I am not an “angel” when it comes to eating.  I do indulge in some dark chocolate after meals each weekend and I do taste non-low carb treats like pizza and cake. After all, this is not a diet, but a lifestyle and to be a lifestyle, it has to be sustainable.  The question for me is the same as for anyone: “how much” and “how often”.

Was it difficult? No. It really wasn’t…isn’t.

I eat real, whole food that can be as simple or complicated as I feel like preparing. It can be some store-bought BBQ chicken and a boxed salad or moussaka from scratch (which is what I’m making for dinner, tonight). I eat animal-based sometimes, plant-based other times, I eat nuts and seeds, fish, poultry of all types and a wide range of vegetables and some fruit and I include some “starchy” vegetables like winter squash and yam from time-to-time.

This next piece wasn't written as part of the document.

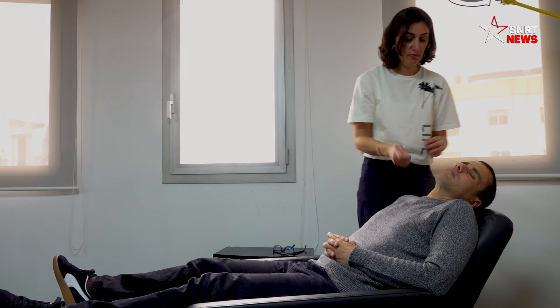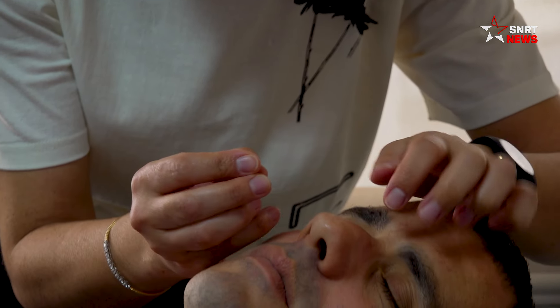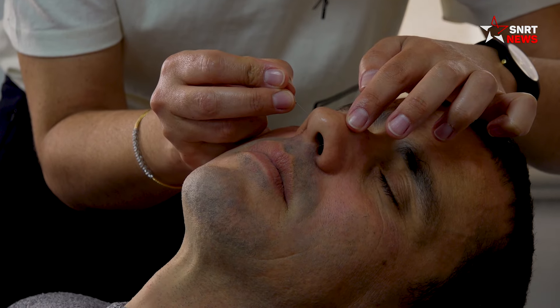On stimule deux points sur la face latérale du nez, et on stimule exactement la vésicule biliaire. Ce n'est pas une technique douloureuse du tout. On sent juste une petite pique et c'est fini. La séance, elle dure entre 15 à 20 minutes.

I eat dairy such as cheese and plain Greek yogurt and I occasionally eat eggs (I am not a big “egg person”!). I eat grass-fed beef when I get it and supermarket meat, pastured chicken and the one that goes on sale when I’m picking up staples. My butter is regular, local and unsalted (not fancy imported butter) and I don’t slather it on everything.  It is just one of my fat choices along with really good olive oil and other pressed oils such as avocado oil and the occasional macadamia nut oil. If I’m craving a really good pizza, I make my Crispy Keto Pizza which is 85% the texture of a yeasty flour-based pizza. If I feel like one that’s a little less rich, I make my Crispy Cauliflower Pizza (see Recipe tab).

I usually don’t make “low carb bread”, although one of the most popular recipes on my recipe blog are my  Low Carb Kaiser buns. Here’s a picture, so you can see they are pretty legit for a sandwich and are great as hamburger buns.

I even make the occasion dessert, with my most requested being my low  carb New York Style Cheesecake (also under Recipes).

Low carb or not, I think desserts are “sometimes foods”, not “everyday foods”.  As a formerly obese person, I don’t think it’s helpful to think of dessert as a necessary part of an everyday meal.  I think they’re great for a special occasion, and make special occasions…well, special. After all, what’s not to love about a slice of cheesecake with the same number of carbs as a slice of bread, but the added fat, above and beyond what is found in the whole foods I eat is still an ‘extra’.

I invent recipes for myself that my ethnic clients find really helpful, including things such as Low Carb Roti (Indian flatbread) and Low Carb Chow Mein Noodles because I believe that a low carb lifestyle is not a “one-sized-fits-all”.

 

 

 

 

 

Everybody’s nutritional needs are different based on their stage of life, age,  gender and health conditions and people have different food preferences. What works for me may not be what’s best for you.  I design people’s Meal Plans based on the evidenced-based principles and their own preference, because it has to be sustainable.

Low Carb as a Maintenance Lifestyle

So, I’ve finally entered that wonderful phase known as “maintenance”; of needing to balance intake so I don’t continue to lose significant amounts of weight, but continue to achieve a more idea body composition (less extra fat, more muscle).  That involves adjusting my “macros” (the percentage of protein, fat and carbohydrate) as I do for my clients when they reach this stage, and continuing to engage in activity that challenges my muscles.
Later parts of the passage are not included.